■ GIVEN DATA ■
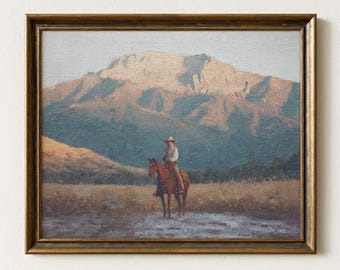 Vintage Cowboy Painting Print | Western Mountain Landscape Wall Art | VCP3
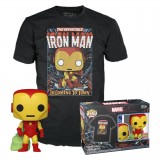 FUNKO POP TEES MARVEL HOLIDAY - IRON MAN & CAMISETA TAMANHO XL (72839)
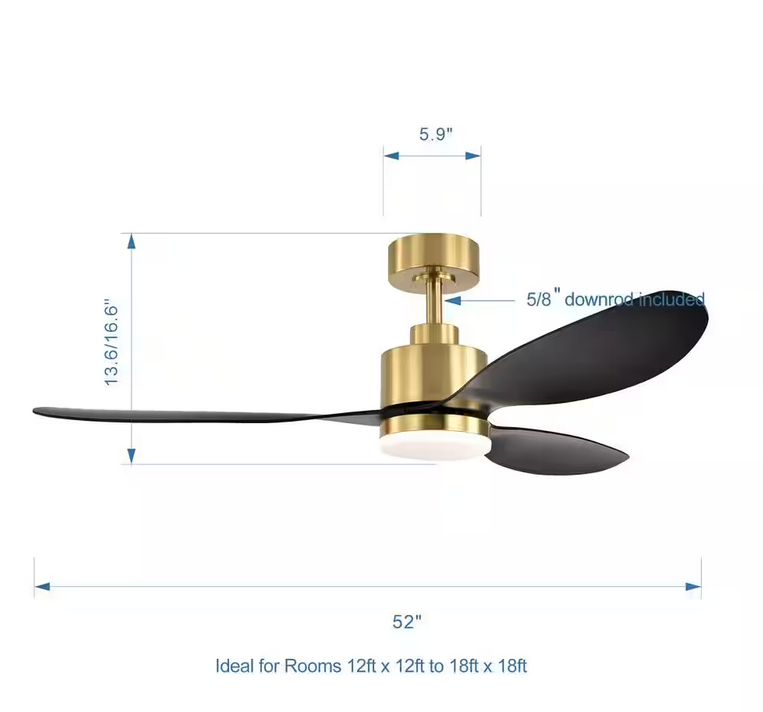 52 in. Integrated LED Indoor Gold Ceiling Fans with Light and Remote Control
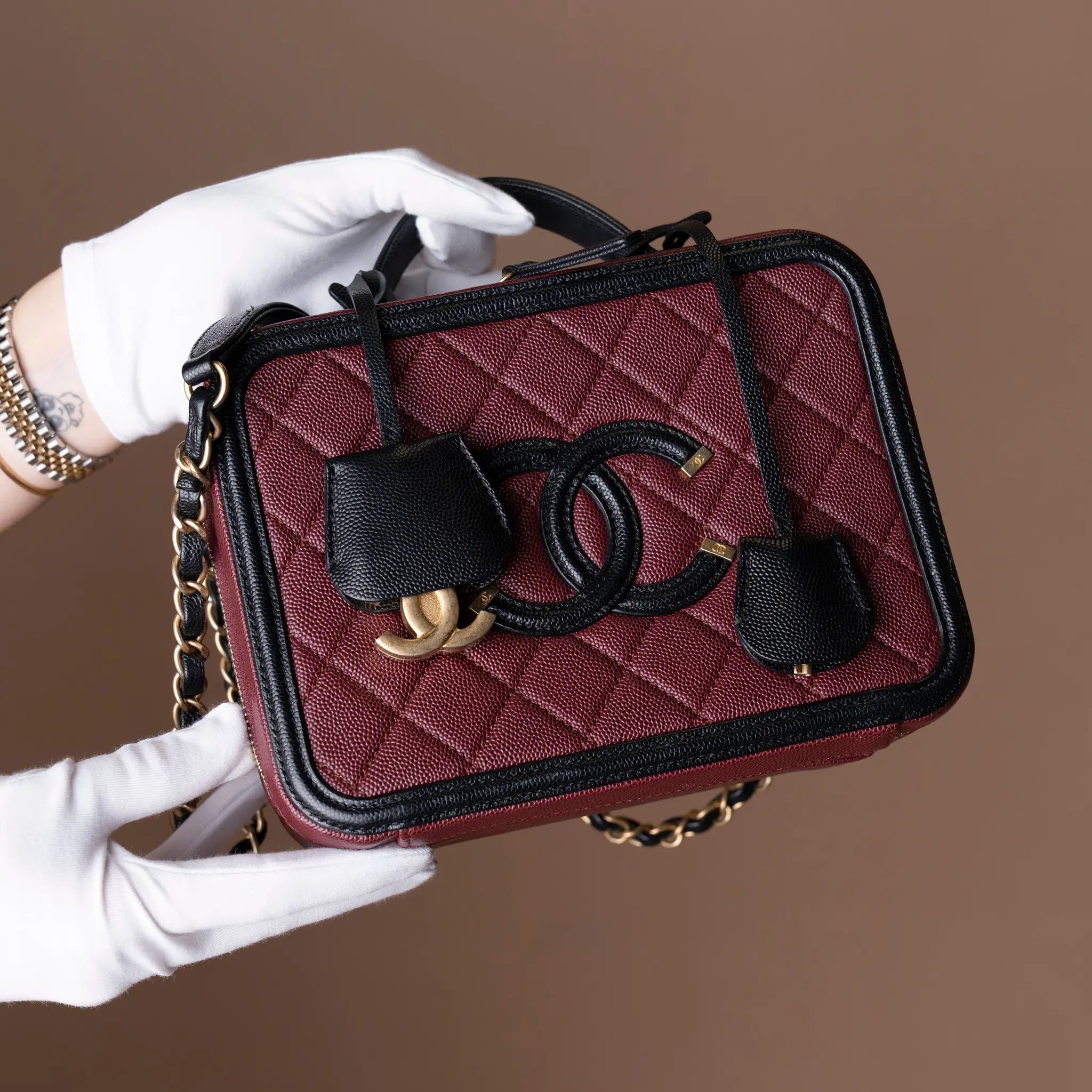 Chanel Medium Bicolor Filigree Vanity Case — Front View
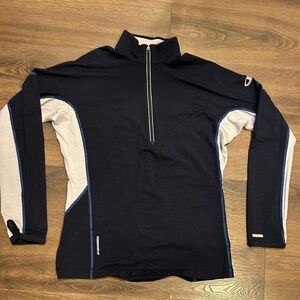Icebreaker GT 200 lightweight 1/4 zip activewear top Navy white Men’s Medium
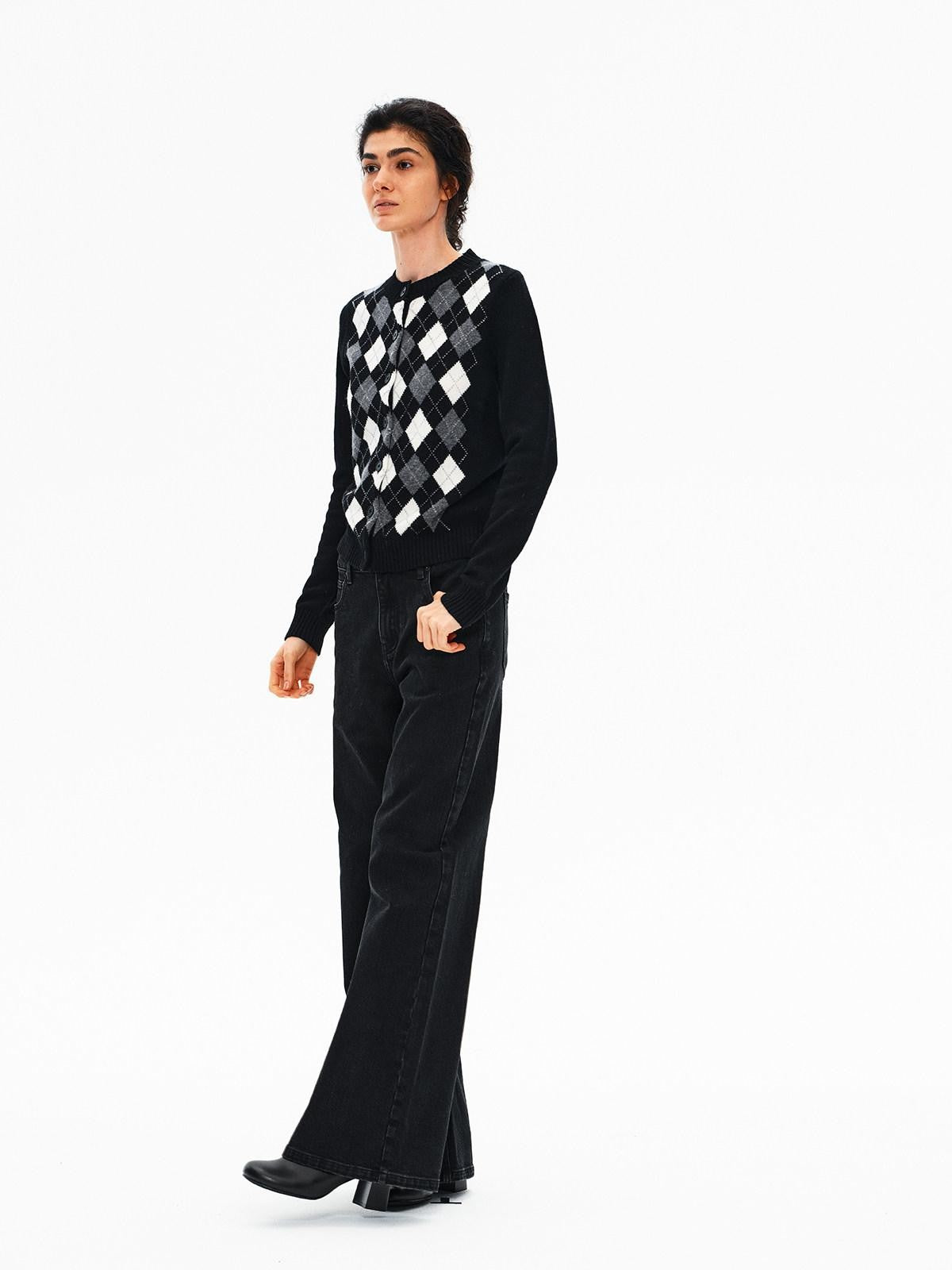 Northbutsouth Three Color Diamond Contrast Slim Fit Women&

---

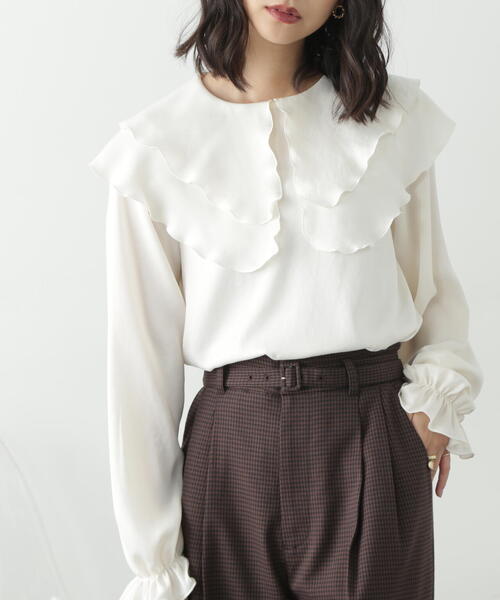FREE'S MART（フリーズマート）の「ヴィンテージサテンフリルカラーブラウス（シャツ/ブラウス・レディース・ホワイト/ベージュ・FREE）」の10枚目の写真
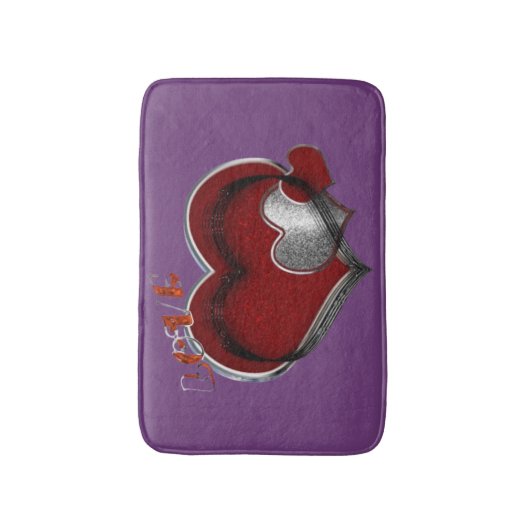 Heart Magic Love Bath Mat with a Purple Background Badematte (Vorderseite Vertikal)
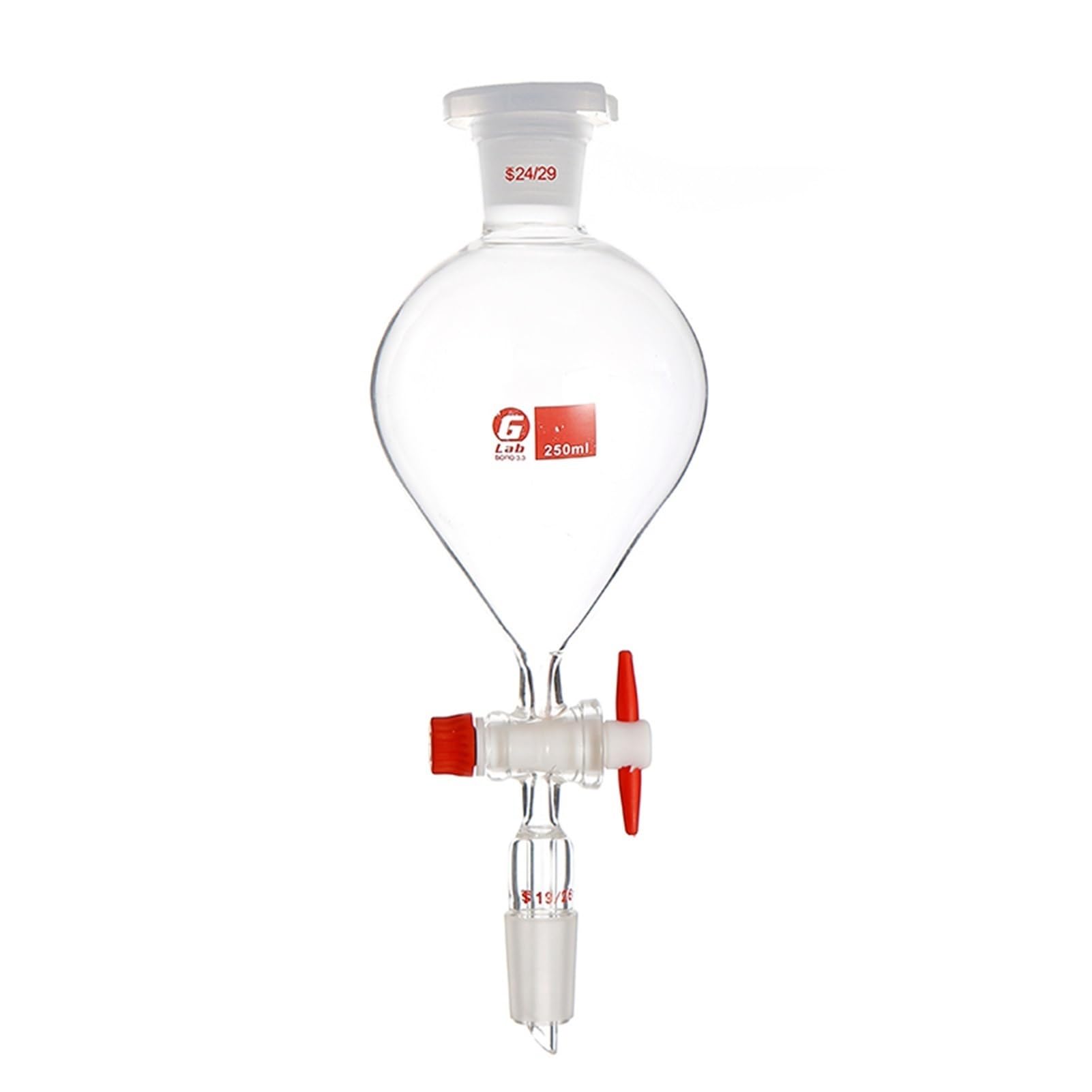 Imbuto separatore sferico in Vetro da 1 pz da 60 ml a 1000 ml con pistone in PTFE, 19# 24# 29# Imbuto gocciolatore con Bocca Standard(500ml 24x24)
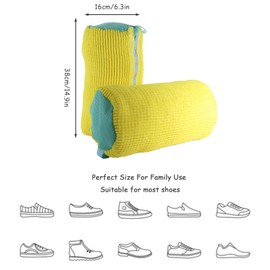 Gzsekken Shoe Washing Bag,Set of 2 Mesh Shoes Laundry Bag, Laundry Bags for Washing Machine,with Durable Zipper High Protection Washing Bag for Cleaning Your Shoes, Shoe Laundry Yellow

---

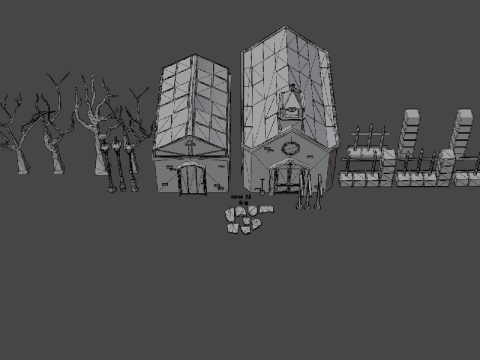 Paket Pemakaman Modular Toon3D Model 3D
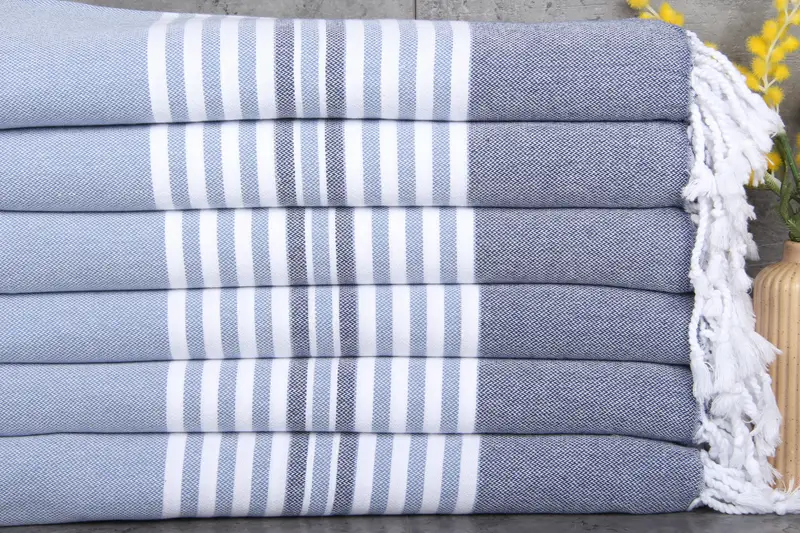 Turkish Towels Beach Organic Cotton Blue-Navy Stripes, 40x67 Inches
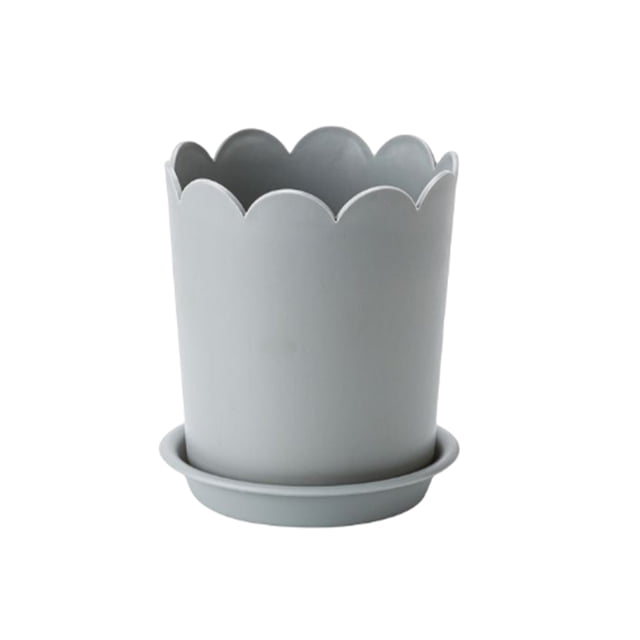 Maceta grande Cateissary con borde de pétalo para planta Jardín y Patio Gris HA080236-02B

■ EXERCISE BRIEF ■
Your reply should hold nothing but the lines above, from the one containing "FUNKO POP TEES" to the one containing "Northbutsouth Three Color", reproduced exactly minus the pictures.

■ RESULT BELOW ■
 FUNKO POP TEES MARVEL HOLIDAY - IRON MAN & CAMISETA TAMANHO XL (72839)
 52 in. Integrated LED Indoor Gold Ceiling Fans with Light and Remote Control
 Chanel Medium Bicolor Filigree Vanity Case — Front View
Icebreaker GT 200 lightweight 1/4 zip activewear top Navy white Men’s Medium
 Northbutsouth Three Color Diamond Contrast Slim Fit Women&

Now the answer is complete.